Wednesday 30 July 2014


Rory Gallagher (1948-1995)

Nothing says 1974 quite like a Ford Zephyr, mutton chop sideburns and a lumberjack jacket. This short film extract, taken from Rory Gallagher's 1974 Irish Tour, ticks all of the above boxes whilst at the same time combining a powerful live rendition of A Million Miles Away - with a charming travelogue featuring Gallagher's home town of Cork City. Keep 'em peeled for the autograph hunter who can't quite believe his luck.

Saturday 26 July 2014


Lundy. You know the name from the Shipping Forecast (Lundy, Fastnet, variable 4 becoming cyclonic), but you probably haven't a clue where it is. If you had to stick a pin in a map you'd probably pitch it somewhere off the North East coast of Scotland heading for Norway.
It's a actually a tiny island in the Bristol Channel. With a population of only 28 you'd just about be able to man up two teams for a game of footie, with a ref, two linesmen, a fourth official and one man and a dog to watch. And don't forget the puffins: the literal translation of Lundy is Puffin Island. As commemorated by their coins and stamps. At the turn of the millennium the island's once enormous puffin population had been thinned down to just two breeding pairs. Now, thanks to island warden Phil Friend, who helped oversee the removal of the brown rat population from Lundy, that number has increased ten fold in ten years. Phil couldn't be happier - 'When I first came here you'd be lucky to see a single Puffin. Now they're everywhere.' His glamorous assistant, Jane, however, is not so sure - 'I don't know where they all come from. You turn your back for a minute and another one appears. It was never like this when we lived in Leeds.'

Friday 25 July 2014

Bootsy was right all along

I took delivery of an iPhone last weekend. I've still not loaded any of my old numbers onto it yet; when my phone rings I don't have a clue who's calling. And as I don't know anyone's number by heart I've barely made any calls this week. I used to be able to remember numbers. I used to be smart. Now I realise Bootsy was right all along.

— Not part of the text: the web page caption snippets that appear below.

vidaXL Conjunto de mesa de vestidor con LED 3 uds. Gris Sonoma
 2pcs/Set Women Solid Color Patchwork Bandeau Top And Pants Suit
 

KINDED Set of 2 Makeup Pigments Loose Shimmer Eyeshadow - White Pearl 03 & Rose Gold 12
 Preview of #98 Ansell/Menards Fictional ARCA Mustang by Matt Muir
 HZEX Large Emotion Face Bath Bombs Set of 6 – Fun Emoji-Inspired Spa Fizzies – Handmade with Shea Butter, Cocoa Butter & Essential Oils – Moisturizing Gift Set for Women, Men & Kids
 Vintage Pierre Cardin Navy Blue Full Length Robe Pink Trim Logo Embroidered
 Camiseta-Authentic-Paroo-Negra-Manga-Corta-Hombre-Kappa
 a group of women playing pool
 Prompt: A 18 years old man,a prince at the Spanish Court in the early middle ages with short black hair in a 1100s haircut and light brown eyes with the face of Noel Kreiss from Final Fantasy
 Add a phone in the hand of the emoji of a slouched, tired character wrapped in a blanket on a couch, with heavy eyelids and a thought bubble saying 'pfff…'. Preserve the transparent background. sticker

'We are the greatest computers in the world. But now we've created the smart phone which is smarter than us now. But we're still making dumb decisions; we have given our creations more power than we have, and that to me is dumb.' Bootsy Collins

Thursday 24 July 2014

Bump on the noggin

Spare a thought for my wife tonight. And me, while you're about it. Before the Doctor discharged Jenny from A&E this afternoon he gave us a booklet entitled Head Injuries: Discharge Advice. In a nutshell, I've got to prod her awake every two hours and ask her who the Prime Minister is.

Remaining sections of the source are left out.